The London water supply / by Arthur Shadwell – London : Longmans Green & Co, 1899.

Water supply and water quality have been in the news recently. It is perhaps not surprising that the question of water supply in London has been a much-debated topic for over a century.

Shadwell’s book was published one year after an extreme shortage of water in the East End and at a time when Parliament was due to debate the whole question of supply and ownership of water. A taste of this is given in the foreword:

“It does not seem probable that the Royal Commission, appointed to enquire on the expediency of purchase … will be able to report on that very important aspect for some considerable time to come; but the London County Council have resolved to proceed at once with Bills for the purchase of the water companies’ undertakings …”

Shadwell provides a chronology beginning with the building of the London Bridge waterworks by Peter Morys in 1582, to the “New Purchase Bill and scheme for bringing water from Wales”, promoted by the London County Council; and the “Joint bill providing for intercommunication and intersale” brought in by the water companies in communication (both 1898)

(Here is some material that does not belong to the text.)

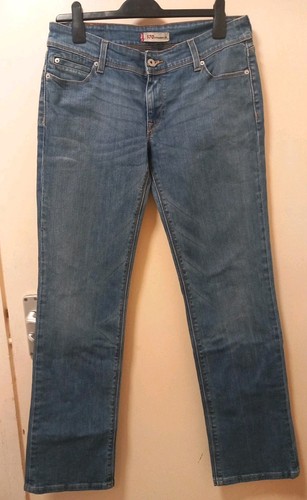 Levi 570 womens - levi's, jeans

Shadwell appears not to advocate for public ownership per se, but suggests instead that the quality and quantity of water supply is a national issue and advocates for a new Ministry of Public health to be responsible for distribution of supply, protection of resources and enforcement of legislation. The various Acts pertaining to water do date of publication of the book are summarised in the appendices.

It will be interesting to speculate what will happen to an industry that was nationalised, then privatized, under different political regimes in the 20th century.